Way back in the 70s, Vernor Vinge wrote a short story called “True Names” which is about a bunch of people who hang out in a virtual world, talk, hack, have fun… until some of them start dying, one or more of them may not be human at all, and the only way to find out what’s really happening is to leave the virtual world and meet up in real life to defeat an enemy that wants to kill them all.
Vinge, with this story, created the “cyberpunk” genre, and also, presciently came the closest to how we, thirty years later, play in our own virtual worlds.
He book-ended the now-passed “cyberpunk” craze with his Hugo-winning book last year, “Rainbow’s End“, about people not too far from now, after the Internet and computer technology has become so much a part of life that people don’t even think about it anymore. It’s not “the Internet”. it’s just how people live.
Cory Doctorow calls it the first “post-cyberpunk” novel… and for some reason, Vinge has decided to put it up on the web to read for free.

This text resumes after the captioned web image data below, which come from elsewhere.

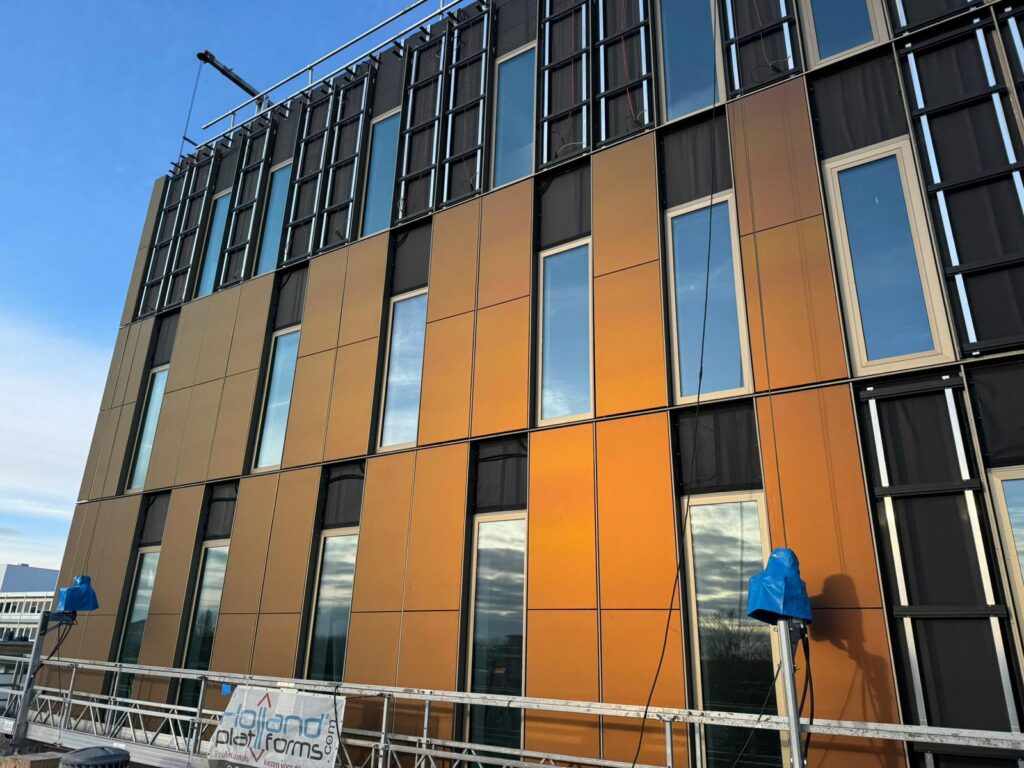 Project Dordrecht: 845 glas-glaspanelen in de gevel
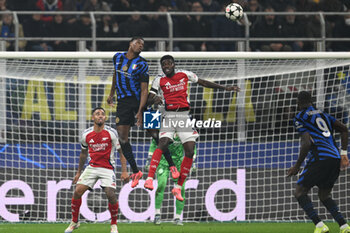 2024-11-06 - Dennzel Dumfries of FC Inter during the UEFA Champions League stage match Phase MD4 between Inter FC Internazionale and Arsenal FC, on 6 of November 2024, at Giuseppe Meazza San Siro Siro stadium in Milan, Italy - INTER - FC INTERNAZIONALE VS ARSENAL FC - UEFA CHAMPIONS LEAGUE - SOCCER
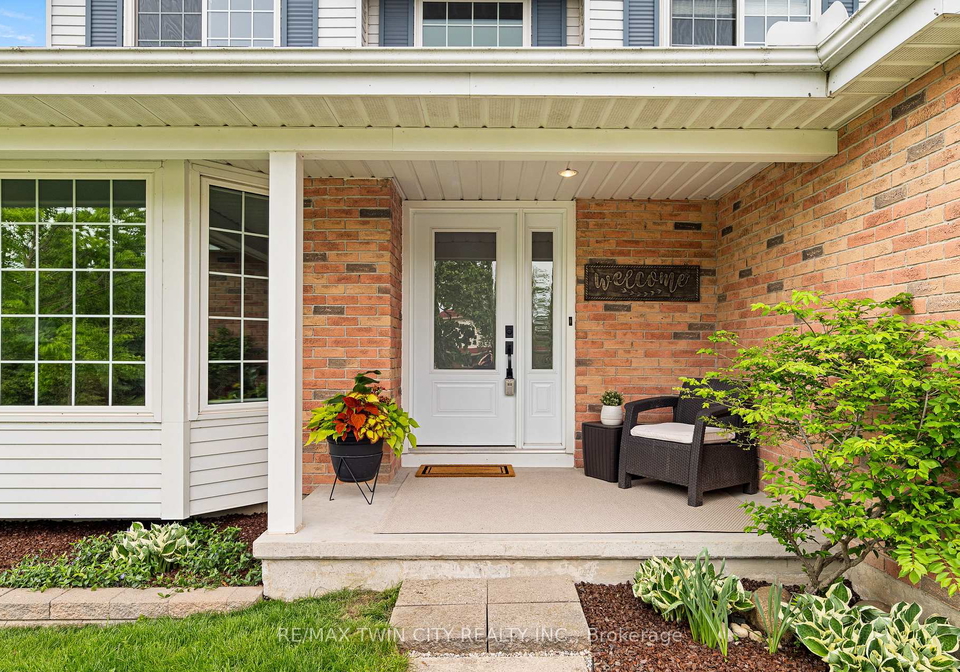 240-grand-river-boulevard-kitchener-ontario-x13232986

I *bought* this book when it first came out — Vinge is on my “must buy immediately” list, but I lost no time grabbing this because my eyesight is getting worse, and books are hard to read now, and I’m planning on getting one of those eBook readers like the Amazon Kindle or the Sony Reader (probably the latter) so I can enjoy reading again (yay larger type), and this book will go right onto it.
This link points to Cory’s blurb on the book over at boingboing. Follow it, read the book, and if you like it — buy it! I put my money where my mouth is here… Cory puts all his books online for free, and yet I have bought one and will likely buy more — because it’s worth supporting artists; gets them to make more cool stuff.